Three examples of the famous BRM V16 Grand Prix car of the early 1950s will be built to celebrate the marque’s 70th anniversary of its Formula 1 debut.
The bold plan to build continuation examples of the 600bhp F1 car is the result of a partnership between restoration specialists Hall and Hall and members of the Owen family.
John Owen, now 81 and the son of period BRM principal Sir Alfred Owen, will have the first car while the other two will be sold and, under FIA rules for continuation cars, could be raced.
Britain’s original Formula 1 team, British Racing Motors (BRM), is celebrating its 70th anniversary with the construction of the three examples of the Type 15 Mk1 BRM V16, considered to be among the best sounding racing cars in the sport’s history.
Hall and Hall will use the complete collection of original documents, letters, cuttings and up to 20,000 original drawings that remain under BRM ownership.
Founder Rick Hall was part of the original BRM Formula 1 team in the early 1970s, and with his son, Rob, has since been providing parts and technical support for the remaining BRMs still in private hands.
The first car, which is expected to be delivered during 2021, will go to the Owen family and will fulfil a long-held ambition of John Owen to see and hear the car in action once again.
The only surviving V16 MK1 in existence is a museum piece and is too valuable to race.

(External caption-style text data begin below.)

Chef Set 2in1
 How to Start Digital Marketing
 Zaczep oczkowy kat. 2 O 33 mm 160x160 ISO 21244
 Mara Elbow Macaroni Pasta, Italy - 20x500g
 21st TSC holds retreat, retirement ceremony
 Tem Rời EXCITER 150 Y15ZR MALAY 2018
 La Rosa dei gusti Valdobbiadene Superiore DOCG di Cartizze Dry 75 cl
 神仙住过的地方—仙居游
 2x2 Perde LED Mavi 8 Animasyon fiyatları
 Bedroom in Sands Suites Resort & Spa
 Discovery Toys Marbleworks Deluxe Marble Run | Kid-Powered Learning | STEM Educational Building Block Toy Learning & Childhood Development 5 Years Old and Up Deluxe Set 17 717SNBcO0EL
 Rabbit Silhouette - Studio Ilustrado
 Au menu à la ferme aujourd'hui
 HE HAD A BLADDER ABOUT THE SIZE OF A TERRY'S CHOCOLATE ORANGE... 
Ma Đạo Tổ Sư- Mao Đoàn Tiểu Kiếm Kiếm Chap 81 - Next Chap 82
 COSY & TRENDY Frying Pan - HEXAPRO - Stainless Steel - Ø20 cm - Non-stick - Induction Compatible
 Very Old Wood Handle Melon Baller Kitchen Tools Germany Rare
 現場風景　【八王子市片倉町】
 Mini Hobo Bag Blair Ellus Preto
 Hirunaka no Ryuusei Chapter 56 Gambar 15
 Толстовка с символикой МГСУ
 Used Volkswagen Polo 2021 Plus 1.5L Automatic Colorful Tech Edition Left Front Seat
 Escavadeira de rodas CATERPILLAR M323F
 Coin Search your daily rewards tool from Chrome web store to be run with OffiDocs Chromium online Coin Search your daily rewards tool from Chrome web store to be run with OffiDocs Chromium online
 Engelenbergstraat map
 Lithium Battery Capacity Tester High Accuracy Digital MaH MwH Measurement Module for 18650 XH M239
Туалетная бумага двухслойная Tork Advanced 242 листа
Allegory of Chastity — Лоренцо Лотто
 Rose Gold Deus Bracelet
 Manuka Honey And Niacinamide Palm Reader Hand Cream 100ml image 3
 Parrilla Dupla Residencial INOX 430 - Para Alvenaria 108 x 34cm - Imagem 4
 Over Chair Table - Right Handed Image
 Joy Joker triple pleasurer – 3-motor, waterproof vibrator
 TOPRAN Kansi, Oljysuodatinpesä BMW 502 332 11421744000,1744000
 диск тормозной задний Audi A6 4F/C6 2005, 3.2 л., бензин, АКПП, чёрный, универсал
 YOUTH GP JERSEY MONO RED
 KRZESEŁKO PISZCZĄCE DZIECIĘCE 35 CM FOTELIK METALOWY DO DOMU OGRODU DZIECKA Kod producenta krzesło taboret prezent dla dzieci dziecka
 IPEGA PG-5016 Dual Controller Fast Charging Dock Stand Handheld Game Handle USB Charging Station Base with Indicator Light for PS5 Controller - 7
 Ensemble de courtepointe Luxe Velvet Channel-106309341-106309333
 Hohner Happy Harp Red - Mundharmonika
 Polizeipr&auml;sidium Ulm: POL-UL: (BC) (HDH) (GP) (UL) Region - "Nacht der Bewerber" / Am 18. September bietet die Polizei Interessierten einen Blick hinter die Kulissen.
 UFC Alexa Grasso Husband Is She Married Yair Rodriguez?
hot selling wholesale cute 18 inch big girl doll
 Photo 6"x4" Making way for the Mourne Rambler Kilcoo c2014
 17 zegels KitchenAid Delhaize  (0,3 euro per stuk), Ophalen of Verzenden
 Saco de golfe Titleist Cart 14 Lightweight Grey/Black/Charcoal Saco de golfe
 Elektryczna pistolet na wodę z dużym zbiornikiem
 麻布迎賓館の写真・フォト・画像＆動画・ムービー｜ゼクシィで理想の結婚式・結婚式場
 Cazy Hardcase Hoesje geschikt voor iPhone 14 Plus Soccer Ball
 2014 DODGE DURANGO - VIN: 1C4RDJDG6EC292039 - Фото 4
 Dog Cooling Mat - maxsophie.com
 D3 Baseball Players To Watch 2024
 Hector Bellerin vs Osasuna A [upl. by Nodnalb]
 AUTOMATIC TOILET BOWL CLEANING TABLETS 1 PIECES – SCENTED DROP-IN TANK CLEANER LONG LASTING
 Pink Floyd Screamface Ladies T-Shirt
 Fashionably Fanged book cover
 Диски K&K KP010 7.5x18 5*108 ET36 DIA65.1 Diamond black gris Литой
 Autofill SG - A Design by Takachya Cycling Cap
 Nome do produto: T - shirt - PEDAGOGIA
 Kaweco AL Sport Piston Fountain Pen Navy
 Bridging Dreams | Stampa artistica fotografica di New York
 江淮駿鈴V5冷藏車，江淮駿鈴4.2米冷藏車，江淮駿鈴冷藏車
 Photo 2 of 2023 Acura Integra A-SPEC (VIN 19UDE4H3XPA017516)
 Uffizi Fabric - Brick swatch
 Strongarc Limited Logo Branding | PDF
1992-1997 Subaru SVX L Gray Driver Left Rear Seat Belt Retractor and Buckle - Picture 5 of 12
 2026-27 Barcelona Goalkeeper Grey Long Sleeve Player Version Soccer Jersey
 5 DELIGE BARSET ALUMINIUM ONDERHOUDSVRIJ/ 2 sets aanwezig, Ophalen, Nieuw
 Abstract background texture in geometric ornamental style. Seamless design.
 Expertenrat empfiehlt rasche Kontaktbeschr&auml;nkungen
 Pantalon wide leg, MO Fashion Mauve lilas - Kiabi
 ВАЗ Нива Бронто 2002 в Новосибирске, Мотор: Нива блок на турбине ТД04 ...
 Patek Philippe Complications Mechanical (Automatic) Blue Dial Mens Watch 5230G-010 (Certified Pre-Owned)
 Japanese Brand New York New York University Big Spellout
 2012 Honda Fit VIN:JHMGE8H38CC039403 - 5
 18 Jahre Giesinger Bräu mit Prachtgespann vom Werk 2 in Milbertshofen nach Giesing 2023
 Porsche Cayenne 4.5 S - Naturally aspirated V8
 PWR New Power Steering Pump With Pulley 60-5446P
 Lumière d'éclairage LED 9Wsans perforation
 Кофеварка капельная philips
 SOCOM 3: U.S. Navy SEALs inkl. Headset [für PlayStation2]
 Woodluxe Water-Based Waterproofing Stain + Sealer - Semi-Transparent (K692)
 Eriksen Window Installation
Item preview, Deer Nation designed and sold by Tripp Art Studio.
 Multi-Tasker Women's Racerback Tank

The project began when three of Sir Alfred Owen’s grandsons, Simon, Paul and Nick, discussed how BRM should be revived and preserved for future generations.
The discovery of several chassis numbers, which had been allocated by the BRM team in 1950 but never built due to a change in Formula 1 technical regulations, presented a unique opportunity.
BRM’s V16 Grand Prix engine was a marvel of technical development when it was designed by a team headed by Peter Berthon in 1947.
As a 1500cc supercharged unit revving to 12,000rpm, it was very complex and inherent reliability issues prevented it from ever achieving its full potential.
The V16 was used by the works team from 1950 onwards and showed flashes of great potential, particularly when driven by Juan Manuel Fangio. But reliability thwarted an engine that, when running cleanly, makes a truly incredible noise.